======== RECORDS FOR THIS EXERCISE
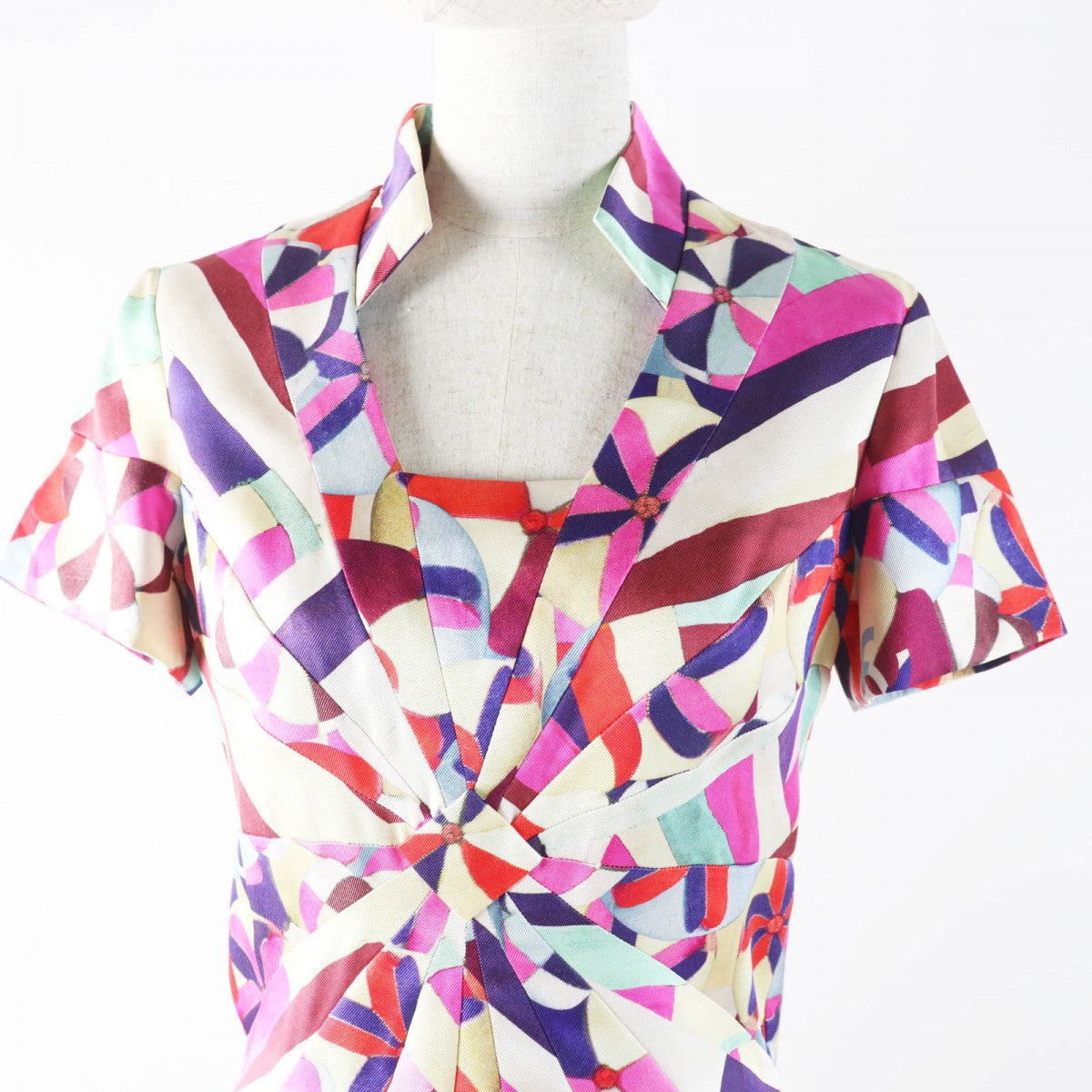 CHANEL one piece P53088 16C Main: 100% silk Pink Blue Red Beige Women 36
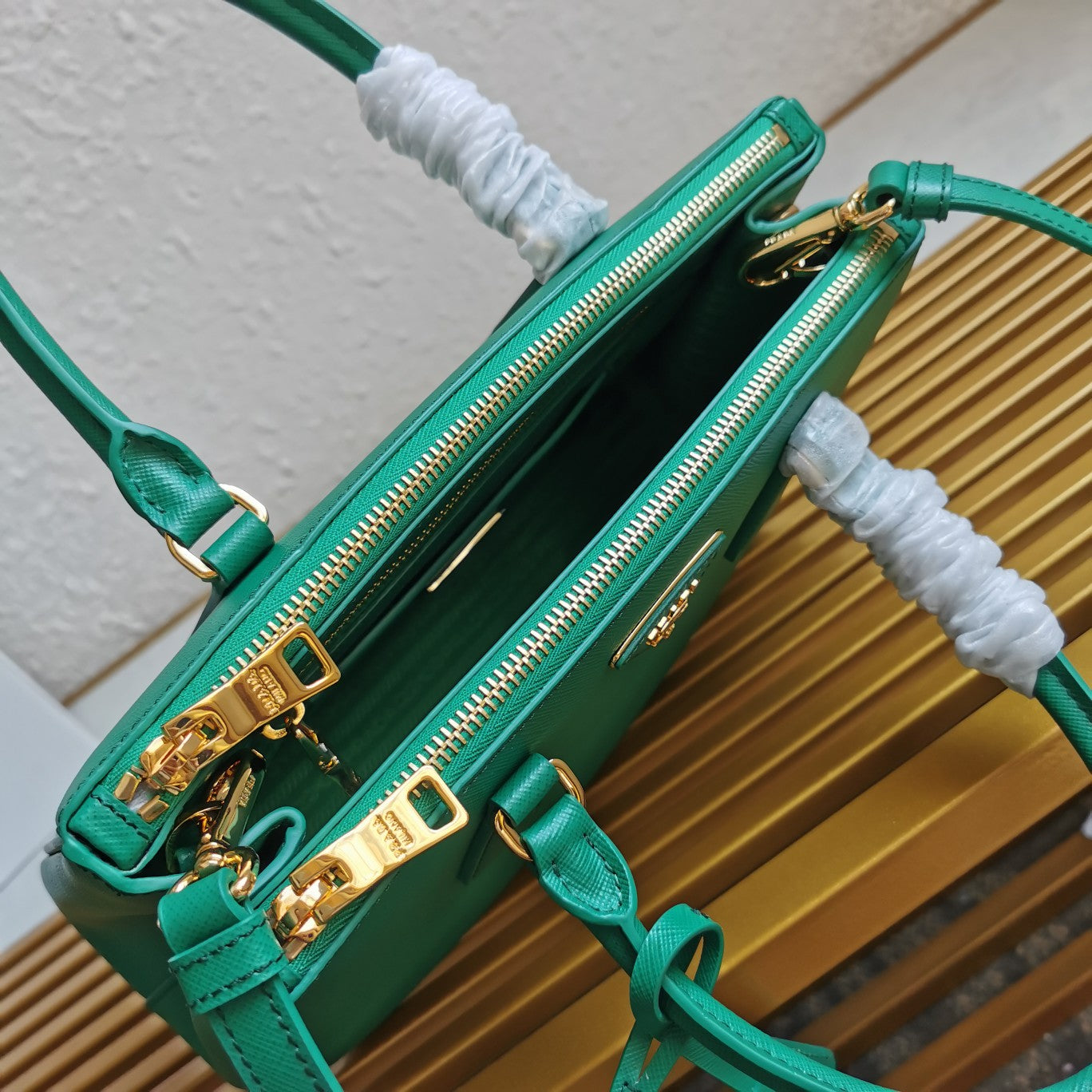 MEDIUM GALLERIA 28 GREEN SAFFIANO LEATHER mysite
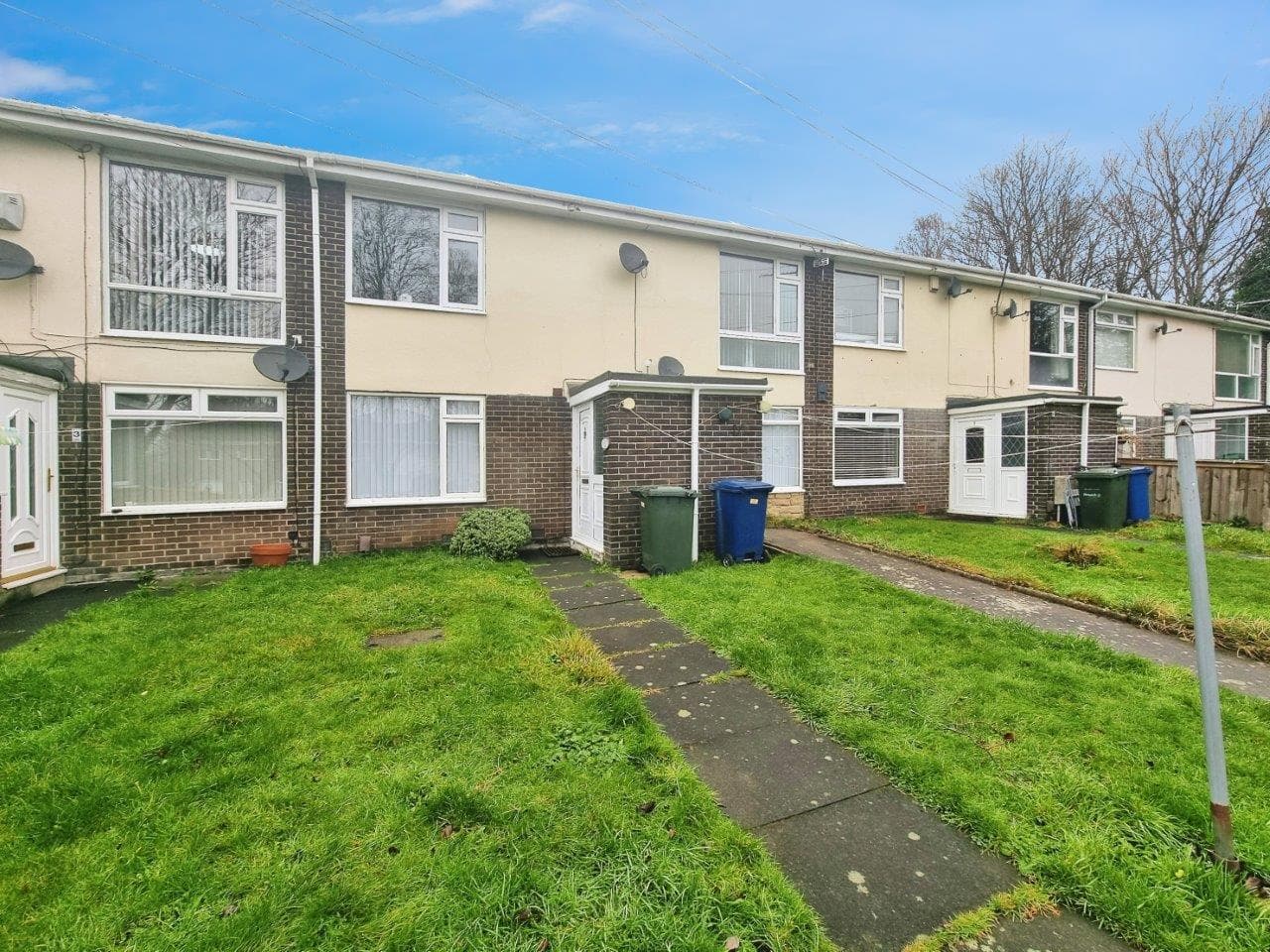 2 Bedroom Flat - Purpose Built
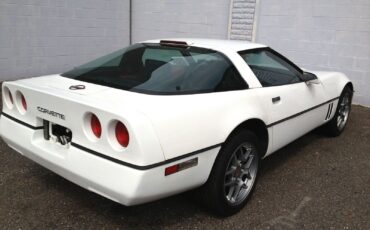 Corvette-Coupe-1990-T-TOP-Car-2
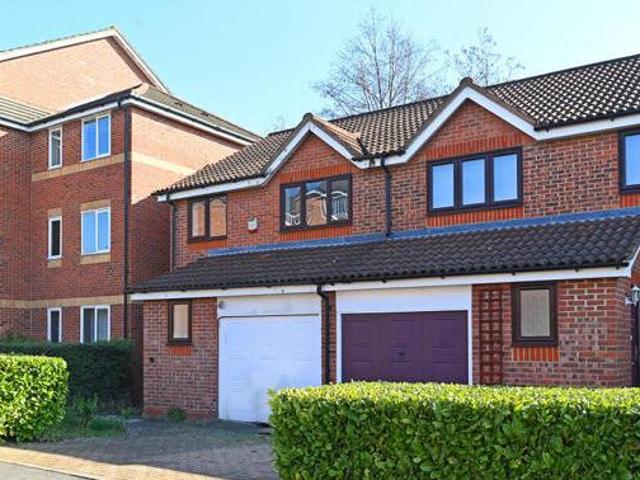 House for rent in Lyons, Greater London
================
INSTRUCTIONS FOR THE TASK: Copy out each record word for word and omit any pictures.

SOLUTION TO THIS EXERCISE:
 CHANEL one piece P53088 16C Main: 100% silk Pink Blue Red Beige Women 36
 MEDIUM GALLERIA 28 GREEN SAFFIANO LEATHER mysite
 2 Bedroom Flat - Purpose Built
 Corvette-Coupe-1990-T-TOP-Car-2
 House for rent in Lyons, Greater London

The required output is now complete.